Chapitre à la communauté de Scourmont

13 janvier 2002

 

Des frères envoyés en voyage (RB 67)

 

            Parmi les quelques chapitres ajoutés par saint Benoît à sa première rédaction de la Règle, se trouve le chapitre 67 intitulé “Des frères envoyés en voyage” (De fratribus in viam directis).  Il s’agit d’un chapitre assez bref, et un bref commentaire suffira (d’autant plus que nous commençons aujourd’hui notre retraite annuelle).

 

            Dans ce chapitre, Benoît demande simplement que les moines qui sont envoyés en voyage se recommandent à la prière de l’abbé et de tous les frères avant de partir, et qu’ils demandent de nouveau qu’on prie pour eux après leur retour.  Il demande aussi aux frères de ne pas raconter à leur retour ce qu’ils auront vu ou entendu au cours du voyage.

 

            Pour bien comprendre ces recommandations, il faut les resituer non seulement dans le contexte historique, mais aussi dans le contexte même de la Règle.  Il serait erroné d’y voir une vision négative ou manichéenne du monde.  Il ne s’agit pas pour Benoît de protéger le moine contre le monde mais contre ses propres “pensées” (au sens anciens de logismoi).

 

            La première caractéristique que Benoît donne d’un cénobite, c’est qu’il vit dans un monastère (in monasterio), c’est-à-dire dans une communauté, mais une communauté établie dans un lieu bien particulier.
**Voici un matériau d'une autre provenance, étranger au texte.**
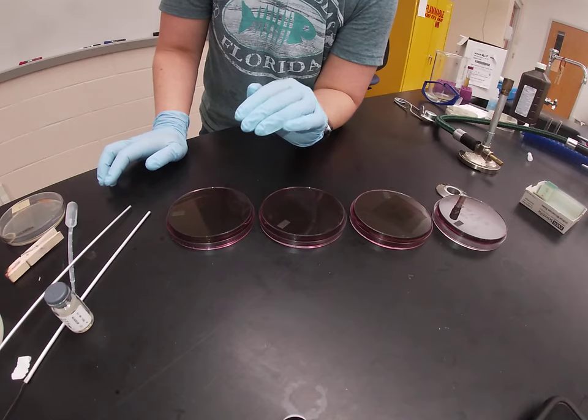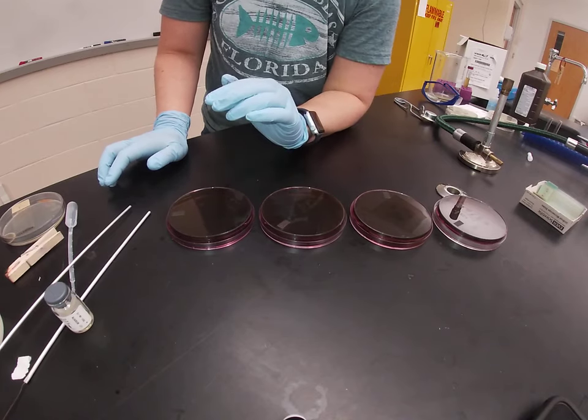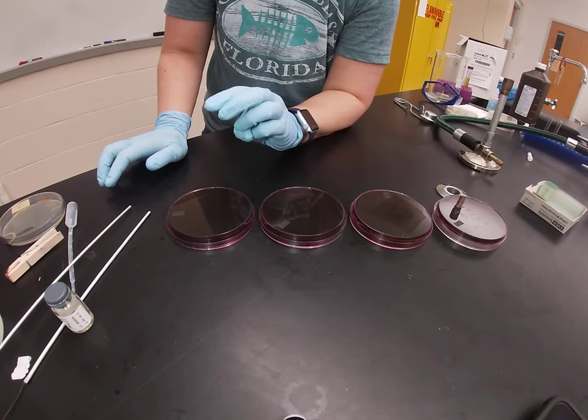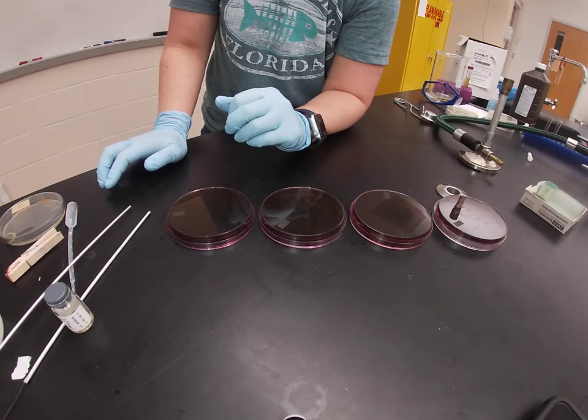EMB is differential based on the rate of lactose fermentation. In these plates we have lactose, and the presence of those dyes can also tell us how quickly and how vigorously the organisms are able to ferment that lactose.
Ensuite à la fin du chapitre sur les “instruments des bonnes oeuvres”,  il explique que l’endroit où se livre le “combat spirituel”, c’est le monastère. 

 

            Le moine est donc quelqu’un qui a choisi de vivre avec d’autres frères dans un lieu déterminé, selon une règle commune et un régime assez structuré, afin d’arriver à un but bien précis, qui est de mener une existence de prière aussi continuelle que possible ou de relation à Dieu aussi permanente que possible.  Pour le moine qui a gardé vivant cet idéal, quelles que soient les responsabilités qu’il a ou n’a pas, toute sortie du monastère sera vécue non pas comme une distraction agréable et bienvenue, mais comme un service communautaire qu’il s’efforcera de vivre de telle sorte qu’il le distraie le moins possible de son orientation fondamentale.  Il ne s’agit pas de se protéger contre un « monde mauvais » mais de se protéger contre une dispersion de l’attention qui le priverait de la “simplicité”, c’est-à-dire de l’unicité de son orientation humaine et spirituelle.

 

            De nos jours les occasions où il est nécessaire aux moines de sortir sont certainement plus nombreuses que du temps de Benoît.  Si isolé soit-it, le monastère vit toujours en étroite relation avec l’Église et la société civile environnante.  Il y a tout d’abord toute les obligations de sortir pour les exigences de l’administration aussi bien matérielle que spirituelle.  Il y a ensuite les contacts avec les autres organismes ecclésiastiques et civils.  Puis il y a éventuellement des motifs de santé, d’étude, de devoirs envers la famille.  C’est pourquoi on ne fait plus dans la plupart des monastères cette demande solennelle de prière avant chaque absence;  mais la mention des « frères absents » à la fin de chaque Office nous rappelle de garder présents dans notre prière tous les frères qui se trouvent présentement à l’extérieur.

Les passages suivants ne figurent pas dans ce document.